Yasiel Puig’s attempt to hit a home run that would complete the cycle was unsuccessful. (Mark J. Terrill / AP)

It’s been a month since Bryce Harper played in a major-league baseball game, a month in which his name was being spoken of in reverential terms.

In his absence, Yasiel Puig, Chris Davis and Mike Trout have gotten all the attention.

In Los Angeles, they’re chanting “MVPuig” and the Dodgers’ outfielder completed a historic June with a 4-for-5 performance in which he just missed hitting for the cycle.

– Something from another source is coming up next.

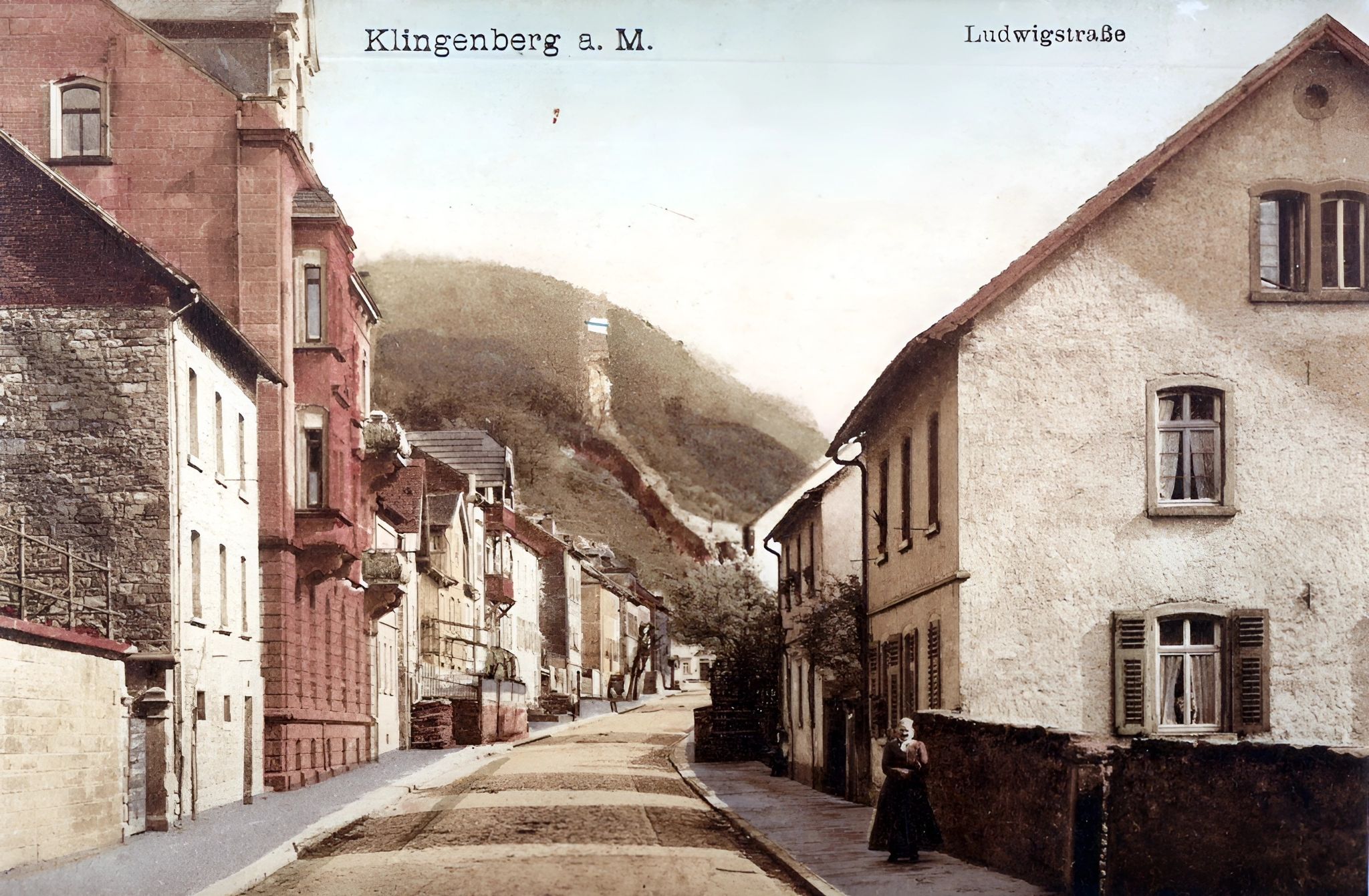 Ansichtskarte der Ludwigstraße um 1912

Not bad for  Puig’s first month in the majors.

Mike Trout has followed up on his Rookie of the Year season. (Paul Sancya / AP) Mike Trout has followed up on his Rookie of the Year season. (Paul Sancya / AP)

The 22-year-old Cuban rookie, called up on June 3, collected 44 hits in 26 games. Just how good a month for a rookie is that? Only Joe DiMaggio (with 48 hits in May 1936, had more hits in his first month in the majors. Puig and DiMaggio also are the only players to have at least 40 hits and four home runs in their first month.

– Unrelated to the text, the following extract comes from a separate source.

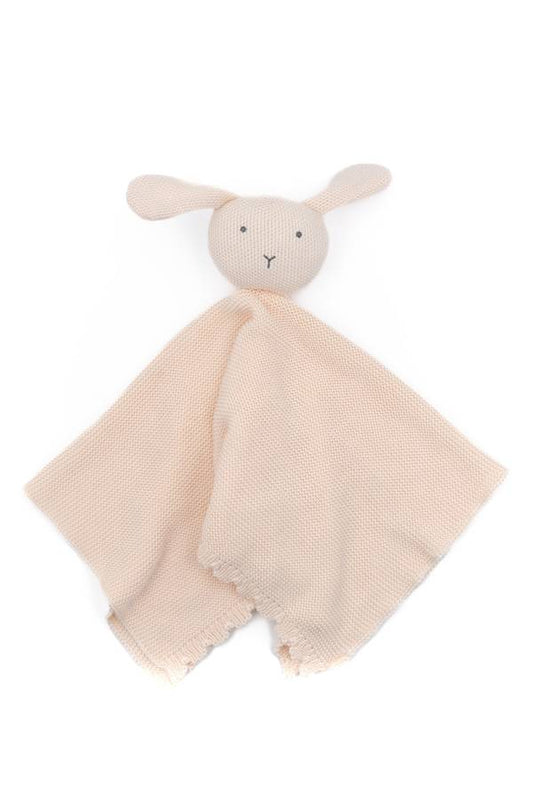 Doudou fatto a Maglia - Rabbit - Soft Pink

While the MVPuig chants may be a wee bit premature, he has fired up the Dodgers, who are just four games back of the Arizona Diamondbacks in the National League West. That matters more to Puig than history.

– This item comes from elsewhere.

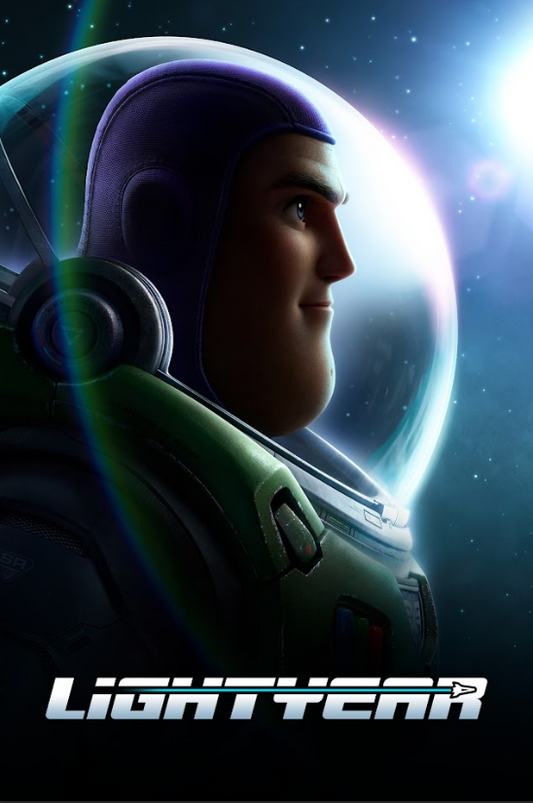 Lightyear 2022 Poster 24x36 - Animated Sci-Fi Adventure Buzz Lightyear Origin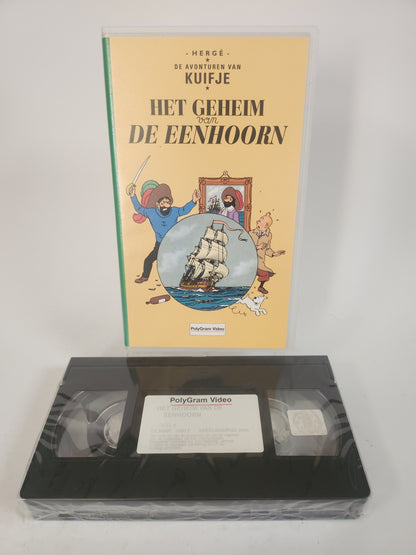 Kuifje "het Geheim van de Eenhoorn" geseald VHS Kids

“I’m really excited to be part of that list,” Puig said, “but more excited that the team is winning.”

Chris Davis leads the majors with 31 home runs. (Gail Burton / AP)

Now, he starts July with a clean slate and June goes in the books looking like this: 26 games, .436 average, seven home runs, 13 extra-base hits, 12 RBI, four stolen bases and 19 runs scored. Along the way, he also crashed into the right field wall at Dodger Stadium, a la the Washington Nationals’ Bryce Harper. But, unlike Harper, Puig emerged unscathed, with Manager Don Mattingly joking that “they checked the wall. It’s fine.”

So are the Dodgers, who’ve won eight of their last nine games with Puig fast becoming must-see TV.

“Nobody’s going to the bathroom or taking a break when he comes up, that’s for sure,” Dodger catcher A.J. Ellis said. “He’s pretty amazing. Pretty special. And he doesn’t seem to be slowing down. He’s definitely changed this clubhouse, changed the culture.”

In Baltimore, Davis has done the same, although his story, as The Post’s Dave Sheinin writes, isn’t one of the can’t-miss prospect:

The story of how Davis morphed from a Four-A flameout for the Texas Rangers in the summer of 2011 to the most prolific slugger in the majors for the Baltimore Orioles in the summer of 2013 is one of perseverance, faith and personal growth.

But it is also an example of how baseball is sometimes flat-out wrong. Sometimes you are more than what you appear to be at 25. Sometimes all it takes is a fresh start and a team willing to give you a proper chance, as the Orioles did after a fateful July 2011 trade.

“I think there was always the potential to put this kind of production up,” Davis, 27, said at his locker last week at Oriole Park at Camden Yards. “I think the biggest thing this year is the fact I’ve been in [the lineup] every day.”

The numbers are staggering: Through Sunday, Davis’s 31 home runs lead the majors by a half-dozen and put him on pace to hit 61 by year’s end. His slugging percentage of .728 also leads the majors by a wide margin and, should it stay there, would be the highest recorded since Barry Bonds in 2004. He also leads the majors in total bases (217) and extra-base hits (56) and ranked second in on-base-plus-slugging percentage (1.135).

But the numbers alone hardly do justice to Davis’s breathtaking power. He doesn’t hit fluky wall-scrapers or wind-blown luck-jobs. He hits towering moon shots, screaming three-woods and tape-measure rockets. He has also been known to hit homers with a broken bat, off his front foot, with one hand and on pitches well outside the strike zone.

Trout, the American League rookie of the year to Harper’s NL rookie of the year last year, has been the name with which Harper is most often linked and he started the Angels’ first 81 games, playing in all but seven of the team’s 735 innings before getting Sunday off as a precaution because of a tight hamstring. He’s hitting .315 with a .392 on-base percentage, .545 slugging percentage, 13 home runs, 52 runs batted in and 20 stolen bases. That’s the kind of season that makes a person wonder, Sheinin writes, what exactly is Trout’s ceiling?

Now, Harper is ready to return from his first stint on the disabled list and he’s in a new position. He looked for all the world like he might be having an MVP season himself. Now, he’s got some catching up to do.